# [Task to complete]
From the material below, set down exactly the lines that run from the one containing "Replica Cartier 25.7X21.2mm 022472" to the one containing "DIIV - Oshin", minus the pictures.

[Opening Source records section]

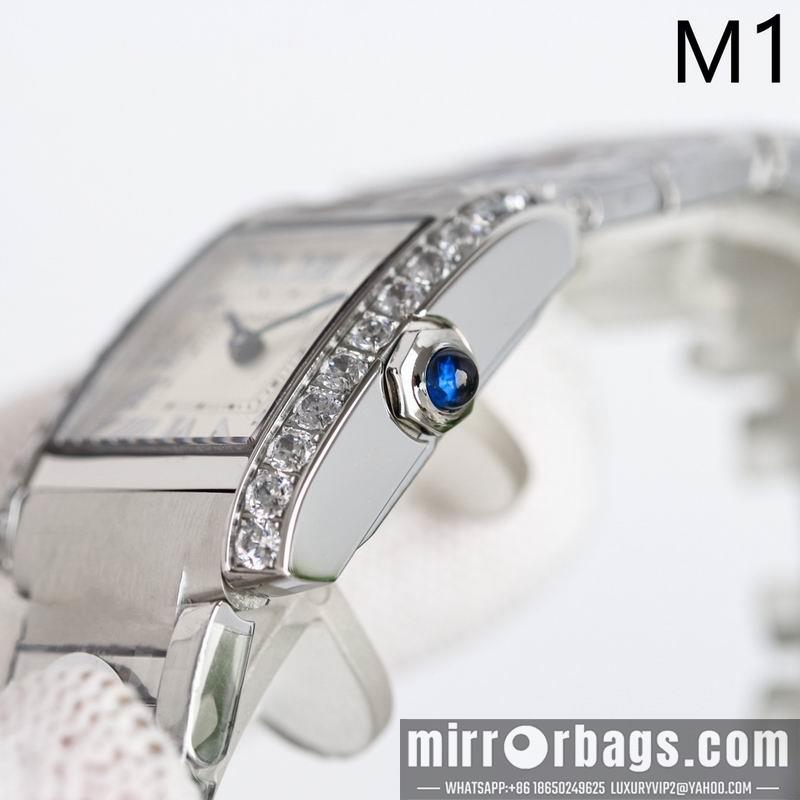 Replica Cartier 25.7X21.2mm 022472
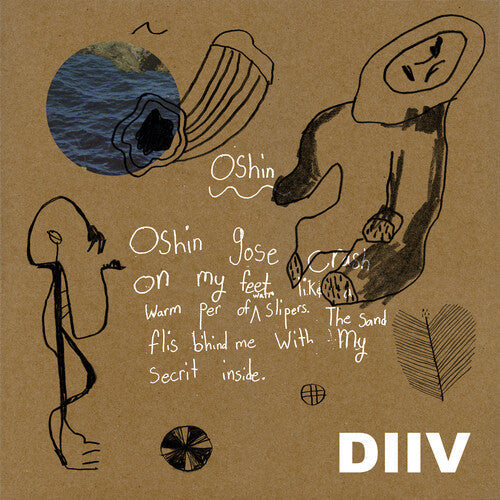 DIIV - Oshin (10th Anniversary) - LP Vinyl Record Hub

[Closing Source records section]
[Opening Source records section]

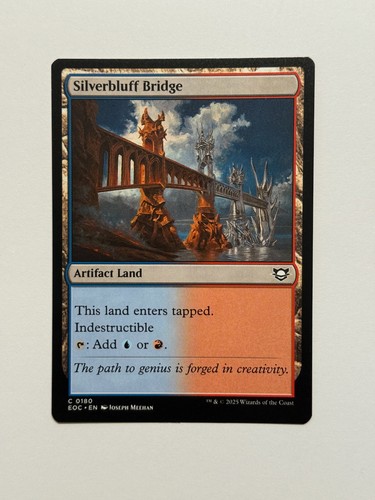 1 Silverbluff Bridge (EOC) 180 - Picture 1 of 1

[Closing Source records section]

# [Response to the exercise]
 Replica Cartier 25.7X21.2mm 022472
 DIIV - Oshin (10th Anniversary) - LP Vinyl Record Hub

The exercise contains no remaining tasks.